We’ve covered a wide range of crate-engine companies in our popular Drivetrain Series, but they tend to favor Blue Oval blocks due to predominance of Cobra replicas in the kit market. Considering all the Corvette Grand Sports in this issue, and the fact that even a few original Cobras were Chevy-powered, we felt it was a good time to spotlight some LS offerings. Besides seeking to be more even-handed in our coverage, we also came across some unprecedented power levels available through Lingenfelter Performance Engineering, as noted in our March/April issue.

Not only that, Mike Copeland, Lingenfelter’s vice president and general manager, pointed out several advantages of using as LS engine instead of a Ford. But don’t assume he’s biased here, as he admits to using a number of Ford engines in personal projects, despite having worked previously at GM as project manager for one-off project cars (which included powering the Superformance Grand Sport featured elsewhere in this issue).        

Before digging into some of the advantages of LS power, especially from a packaging standpoint for various kit projects, we should review Lingenfelter’s LS lineup. For nearly 40 years, Lingenfelter has become well known for delivering prodigious engine outputs for high-end, street-driven cars, customizing 1,000-, 1,200- and 1,500-horsepower engines to customers’ exact specifications. What’s now different is that Lingenfelter is expanding its standard crate engine line with a powerful 900hp supercharged engine that’s an off-the-shelf, stocked product. (That’s in addition to the company’s other crate engines, starting with the naturally aspirated 550hp LS3, which is the most popular.)

Prior to the release of the new engine, the upper limit of the company’s supercharged crate engine line topped out at 750 horses. “We have never before offered a crate engine combination with this much horsepower,” notes Copeland. “For this engine, we’ve used a 3.6L Kenne Bell Supercharger, which delivers much more horsepower potential for an engine that’s been engineered to reliably stand up to these power levels.” And this blower is capable of raising the bar even higher, to as much as 1000 horses. Talk about bragging rights!

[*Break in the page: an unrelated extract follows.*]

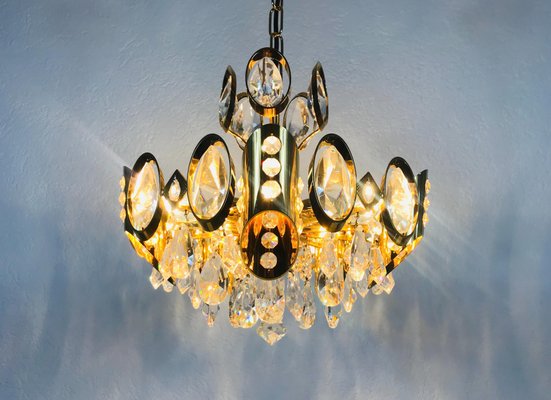 German Gilded Brass and Crystal Glass Chandelier from Palwa, 1960s-PUK-617924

Of course, not all kit projects need this sort of output, nor will the Kenne Bell blower fit in certain applications, due to the extra two inches of height, and rear-inlet throttle body, as Copeland points out. For smaller engine bays, the company offers a lower-profile Eaton TVS supercharger with a front-entrance throttle body, which is used on engines rated at less than 900 hp.

There’s another aspect to consider when selecting an engine for a project. As the power climbs into the stratosphere, along with boost levels (16 pounds on the 900hp mill) loads on the belt system increase as well. As Copeland points out, “There’s an accessory-drive challenge.” So a dual setup with an 8-rib belt is required on the Kenne Bell blower, requiring as much as two extra inches of room on the front end. Boost levels on the Eaton unit are much lower, in the six- to eight-pound range, so a single six-rib belt is sufficient.

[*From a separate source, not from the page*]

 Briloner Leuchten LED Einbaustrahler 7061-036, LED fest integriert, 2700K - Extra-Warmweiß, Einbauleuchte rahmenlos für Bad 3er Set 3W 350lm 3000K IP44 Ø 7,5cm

Aside from these guidelines about packaging and accessory drives, what are some reasons to consider an LS over other offerings? “It’s hard to beat an LS enngine,” Copeland says. “It’s all-aluminum, lightweight with crazy power.” As mentioned above, he’s worked with a lot of Ford engines, so he’s not averse to them, but feels the 351W Ford relies on older technology. As for the newer Coyote, he acknowledges that it’s a good engine, but it’s wider than the LS. So all told, Lingenfelter’s LS crate engines provide some extra choices when deciding on the right engine for your project car.